Stress can potentially interfere with the parent/child relationship. Parents who have not learned to manage stress effectively tend to be less tolerant of their children’s behaviors and actions and are less emotionally available for them in times of need. Children often react to parental stress by specifically changing the ways they interact with their caretakers. Parents who react irrational can put children at an increased risk of being stressed themselves.
It can be argued that pressure is a positive thing leading to greater productivity, however, excessive stress can be detrimental to an individual’s physical and mental well being and can also significantly contribute to irritability, depression, and low self-esteem for the parent and their child. Michelle Bordem, Associate Executive Director of NewBridge Services, a nonprofit mental health organization that provides services and programs for today’s youth, teens, adults and seniors, said, “ The effectiveness of a parent’s ability to cope with mounting daily pressures has significant implications not only for them, but also for their child.”
What people must realize is that feelings of stress come from inside ourselves and that we can learn to keep our reactions under control. One way to reduce stress is to exercise regularly. Many activities offer the benefit of stress relief, however many are seasonal, and may also become affected by the weather. The martial arts can be practiced year round, and it is a great form of exercise for people of all ages. Many people think the martial arts is just punching, kicking and blocking.
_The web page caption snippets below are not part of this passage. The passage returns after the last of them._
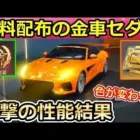 【荒野行動】無料で貰える金車「破暁：愛蔵版」性能が凄かった！色が変わる⁉遠距離の描写で外見が変わる要素！チップショップ・ゴールデンピース（バーチャルYouTuber）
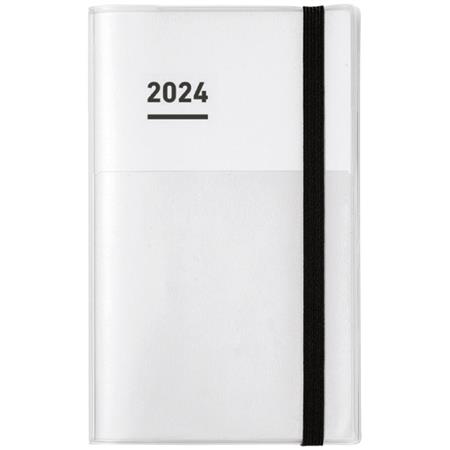 2024年版ジブン手帳miniファーストホワイト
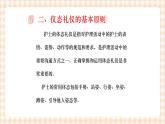 《护理礼仪与人际沟通》第五章 第三节 课件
Besides learning self-defense, martial arts practitioners develop self-confidence, self-respect, self-awareness, self-control and relaxation techniques.
Students also learn how to focus and breathe properly which not only improves circulation, but it also provides additional stress relief. Martial arts training fully involves both mental and physical aspects, thus forcing students to focus on the present and to leave worldly concerns behind. Punching, kicking and striking exercises permit a controlled release of tension and aggression, which allows students to leave behind any negative emotions that they may have carried into the martial arts training area.”
Martial arts practitioners learn that anger and frustrations prevents clear thinking and the loss of self-control. As a result they learn to control themselves, and their surroundings physically and mentally. Learning to focus on what is at hand and managing their own emotions as well as others will not only reduce parents’ stress levels, but it will also help them accomplish professional and personal goals.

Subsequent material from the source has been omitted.